Di shifted in her chair, uneasy about what Lawrence was suggesting. People could get hurt. But Lawrence would never take a risk like that. She was sure he knew what he was doing.
“Every act of violence must be related to a specific injustice, and it’s crucial that we explain what we’re doing and why in a Manifesto.” Lawrence paused. “Our first Manifesto and first act of retribution will be dedicated to the victims of the My Lai Massacre.”
People began to talk all at once, but Lawrence held up his hand. “We’ll call it Project George,” he said. “We’re going to blow up the statue of George Washington in Union Square Park.”
“Finally,” Steve called out. “Count me in.”
“Me, too,” Albert said.
“How are we going to blow up anything?” Gary asked. “Do we know anything about bombs?”
The room went quiet and everyone turned to Lawrence. In the wavering candlelight, his features seemed to sag, but then he forced out a smile. “Come with me, comrades.” He strode out of the room to the little mudroom, then down into the basement.
Di pushed her way through the crowd on the stairwell and leaned over the rough wood banister. The basement had been transformed since she’d been down here with Lawrence a few weeks before at the Halloween party. In the center of the room was a printing press and folding tables piled with cartons. But of greater interest was the workbench against the brick wall where Lawrence stood beside Gertrude.
“This, comrades,” Lawrence shouted over the noise. He waited until everyone quieted down. “This, comrades, is our bomb factory.”
On the workbench, Di could make out bottles, pipes, small boxes of nails, metal cans of lighter fluid. She watched Lawrence glance at the table, then meet Gertrude’s eyes. Di felt a pang of jealousy. Lawrence and Gertrude shared something she wasn’t a part of.

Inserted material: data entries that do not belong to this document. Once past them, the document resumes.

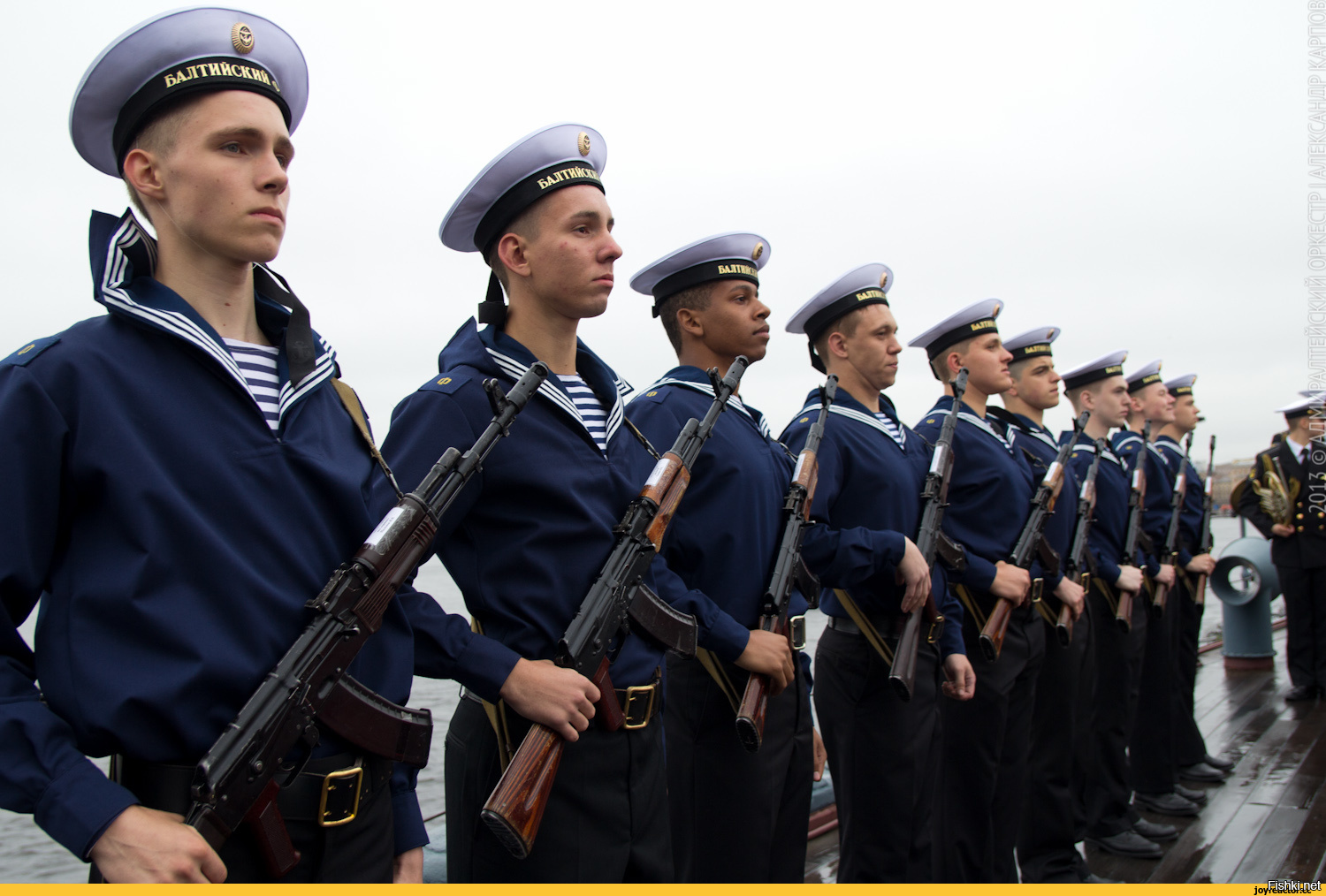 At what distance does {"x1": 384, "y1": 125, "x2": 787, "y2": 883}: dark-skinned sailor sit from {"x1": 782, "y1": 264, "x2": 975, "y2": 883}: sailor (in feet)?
4.50

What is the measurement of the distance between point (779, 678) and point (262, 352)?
1.94 metres

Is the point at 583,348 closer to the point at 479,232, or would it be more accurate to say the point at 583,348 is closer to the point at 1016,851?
the point at 479,232

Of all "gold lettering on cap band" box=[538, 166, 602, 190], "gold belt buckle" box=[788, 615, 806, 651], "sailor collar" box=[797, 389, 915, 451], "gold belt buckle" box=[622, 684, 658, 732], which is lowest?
"gold belt buckle" box=[622, 684, 658, 732]

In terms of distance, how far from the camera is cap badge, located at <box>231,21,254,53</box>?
1.95 m

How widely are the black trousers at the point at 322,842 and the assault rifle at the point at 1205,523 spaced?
7523 millimetres

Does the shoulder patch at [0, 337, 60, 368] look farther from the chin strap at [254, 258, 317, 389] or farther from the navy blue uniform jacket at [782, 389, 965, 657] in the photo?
the navy blue uniform jacket at [782, 389, 965, 657]

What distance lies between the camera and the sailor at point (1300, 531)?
899cm

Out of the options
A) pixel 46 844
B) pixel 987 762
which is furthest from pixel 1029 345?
pixel 46 844

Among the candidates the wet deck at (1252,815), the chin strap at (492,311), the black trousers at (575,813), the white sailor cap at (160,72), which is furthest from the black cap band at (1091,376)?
the white sailor cap at (160,72)

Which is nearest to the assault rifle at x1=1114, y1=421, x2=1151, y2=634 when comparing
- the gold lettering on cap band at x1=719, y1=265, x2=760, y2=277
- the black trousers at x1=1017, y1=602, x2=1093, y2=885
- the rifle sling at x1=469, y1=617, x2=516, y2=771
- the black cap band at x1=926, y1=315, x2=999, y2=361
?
the black trousers at x1=1017, y1=602, x2=1093, y2=885

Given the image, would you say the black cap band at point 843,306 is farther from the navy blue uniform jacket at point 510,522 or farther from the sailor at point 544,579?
the navy blue uniform jacket at point 510,522

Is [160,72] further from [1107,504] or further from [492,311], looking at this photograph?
[1107,504]

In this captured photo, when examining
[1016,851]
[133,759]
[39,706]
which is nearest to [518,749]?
[133,759]

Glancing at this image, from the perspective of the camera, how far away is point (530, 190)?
9.39ft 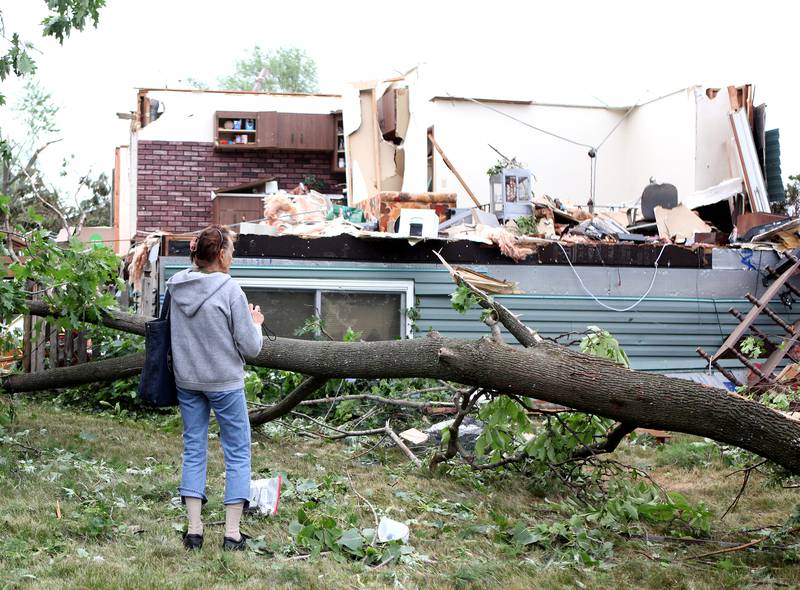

“We must treat these bombs with respect,” Lawrence said to the group, as Gertrude reached into her pocket and pulled out a cigarette and a matchbook. “Our goal is attention and recognition through destruction of property,” he said. “We are not going to kill anyone.”
Gertrude got ready to strike the match, just as Lawrence’s hand closed over hers. “What the fuck are you doing?” he said.
She flicked her braid over her shoulder and stared at him. “Blow up a statue?” She pulled her hand out of his. “That’s the best you can do?”
Lawrence clenched his jaw.
Gertrude turned to the group. “If we want to be heard, we need to make a bigger bang.”
The people around Di seemed to shrink, as though they wanted to disappear.
“Who’s with me on this?” Gertrude shouted.
No one spoke. Lawrence was breathing hard, his fists in tight balls.
“You say you want to change the world,” Gertrude said, “but you don’t mean it. None of you are ready to do what it takes.” She met Di’s eyes.
Di winced, exposed for all to see by her roommate. All her pronouncements about wanting to stop injustice, her mission to prevent another Holocaust. It was just talk.
“To stop violence, we must be violent,” Gertrude said. “To stop murder, we have to kill. If we want to go forward, we have to destroy,” she shouted. “Someone must die!”